Exercise instructions:
Could you write out exactly, and only, the lines from the one containing "15x10 KMC KS137" through the last line of the data, leaving out all pictures?

Dataset entries:
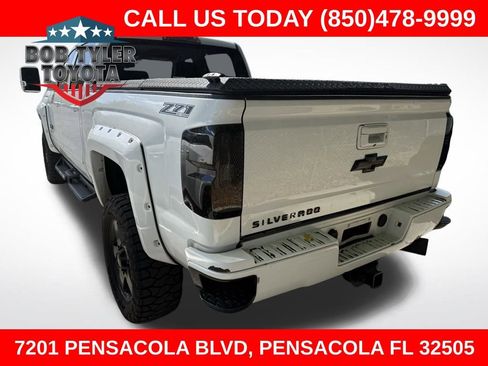 Used 2017 Chevrolet Silverado 2500 LT w/ LT Fleet Convenience Package image 1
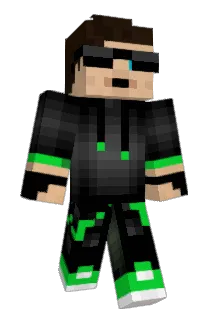Super_knight07 Minecraft avatar full body
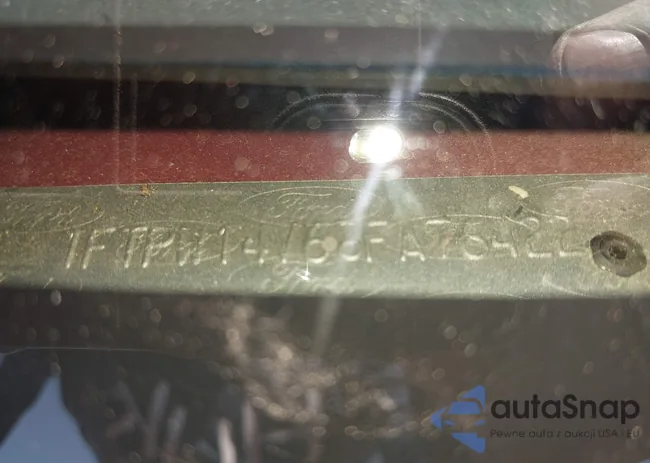 1FTPW14V68FA76422: 43599302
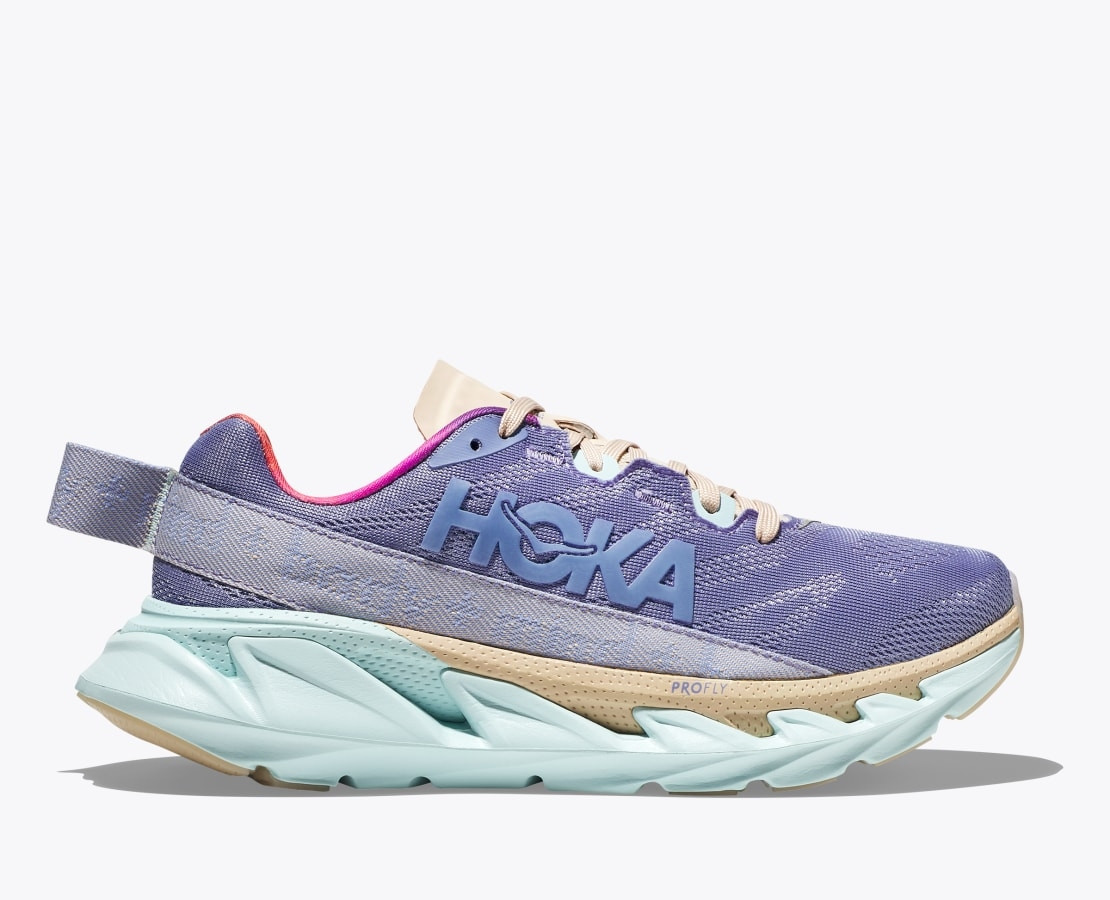 Führend: Die Marke Hoka hat die Dämpfung bei Laufschuhen revolutioniert. Manche Augen müssen sich an die eigenwillige Form aber noch gewöhnen. 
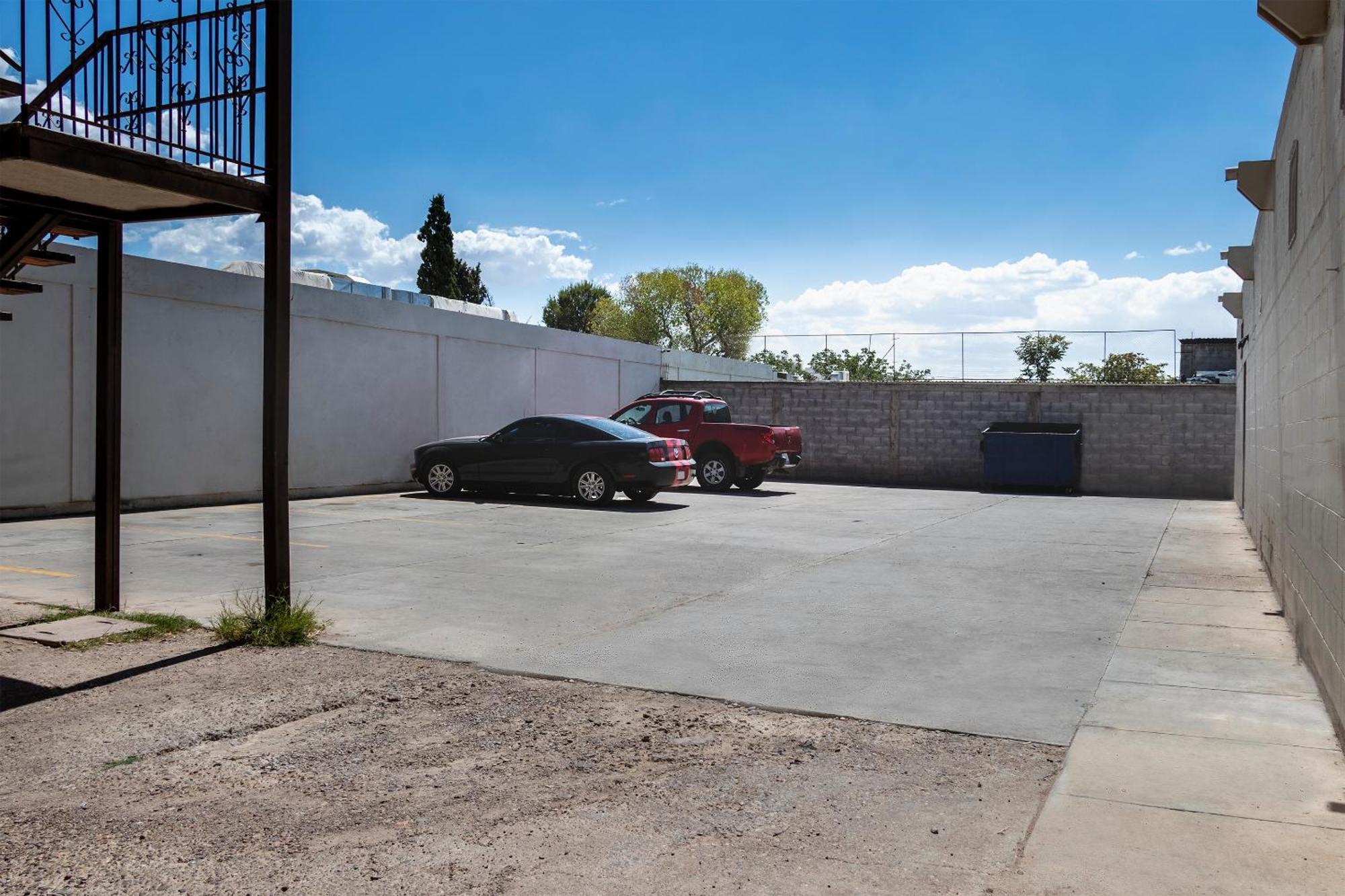 Oyo Hotel Real Del Sur, Estadio Chihuahua Eksteriør billede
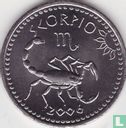 Somaliland 10 shillings 2006 "Scorpio" - Afbeelding 1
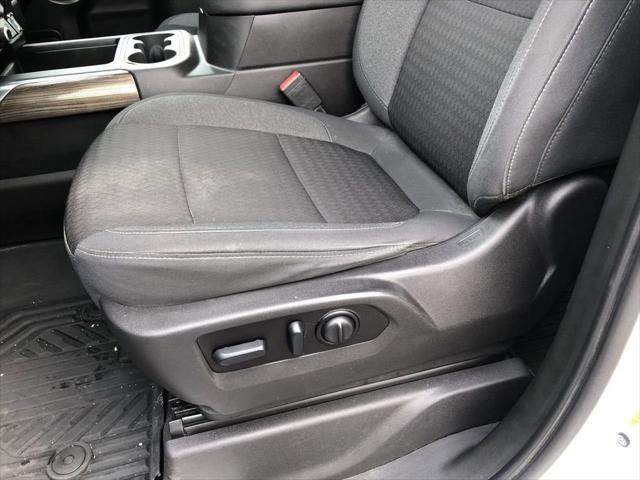 2022 Chevrolet Silverado 1500 4WD Crew Cab Short Bed RST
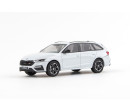 Abrex Škoda Octavia IV Combi RS (2020) Bílá Moon Metalíza 1:43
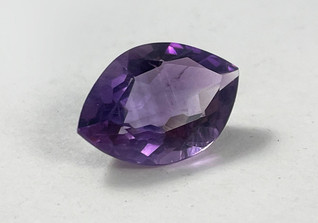  Amethyst Navette 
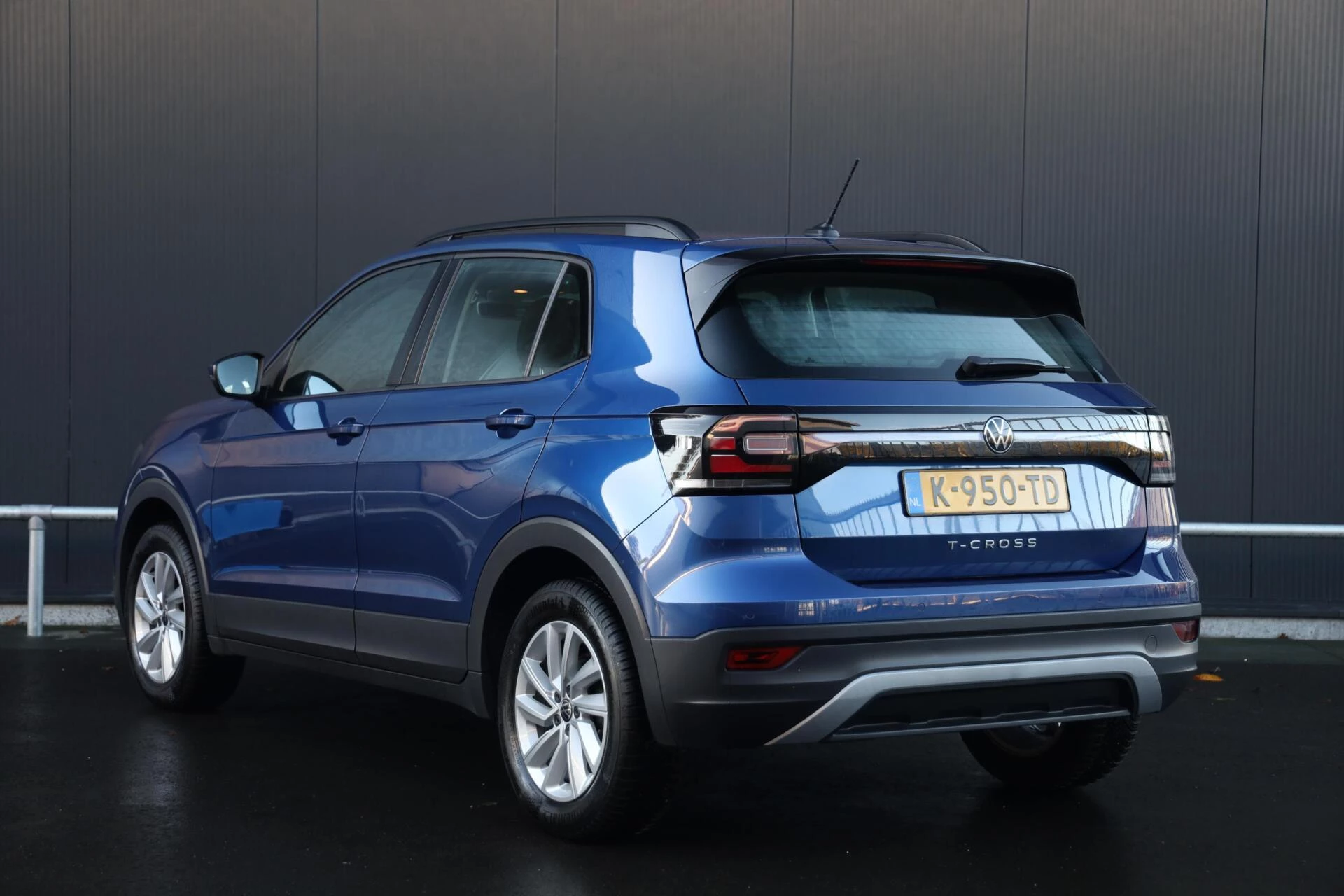Hoofdafbeelding Volkswagen T-Cross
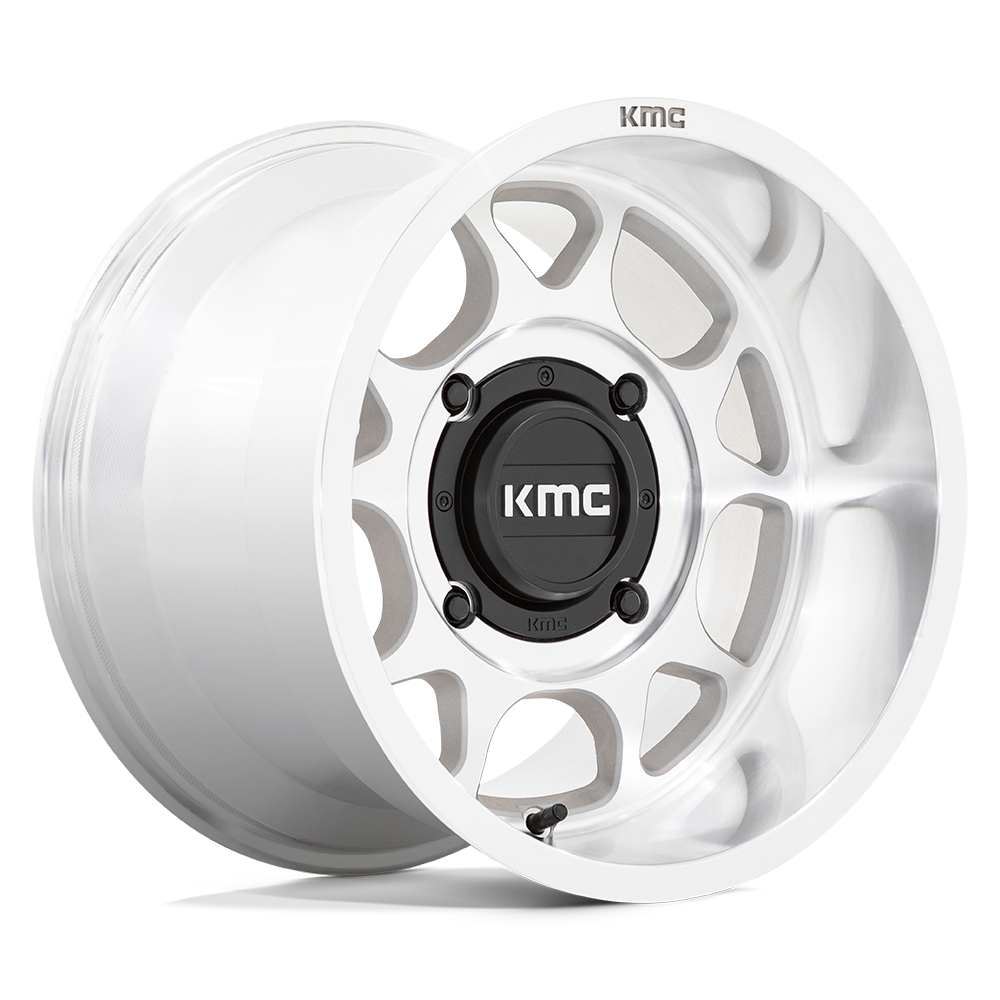 15x10 KMC KS137 Toro S UTV Machined Wheel 4x156 (0mm)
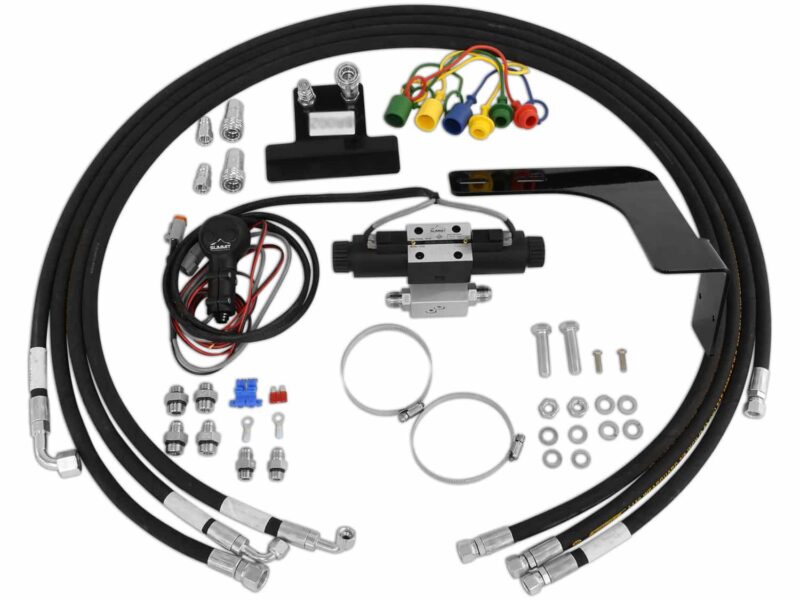 John Deere 2032r and 2038r 3rd function kit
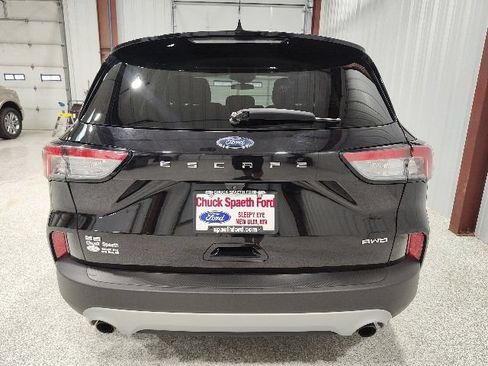 Used 2022 Ford Escape SE w/ Convenience Package AWD/4WD image 7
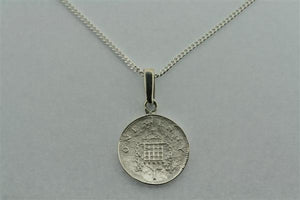 1 Penny Pendant On 55cm Link Chain Necklace - Makers & Providers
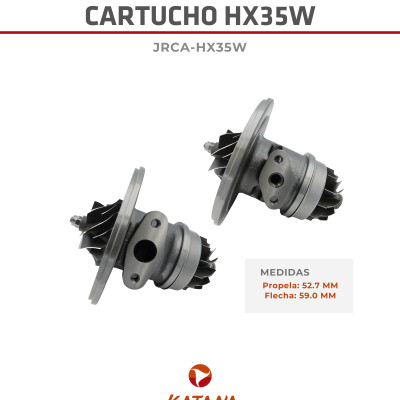 Cartucho HX35W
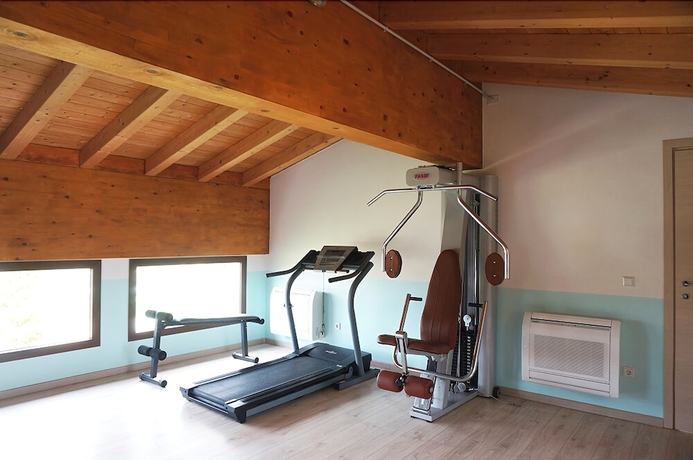 Imagen de los interiores del Hotel Fracanzana. Foto 15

Completed task:
 15x10 KMC KS137 Toro S UTV Machined Wheel 4x156 (0mm)
 John Deere 2032r and 2038r 3rd function kit
 Used 2022 Ford Escape SE w/ Convenience Package AWD/4WD image 7
 1 Penny Pendant On 55cm Link Chain Necklace - Makers & Providers
 Cartucho HX35W
 Imagen de los interiores del Hotel Fracanzana. Foto 15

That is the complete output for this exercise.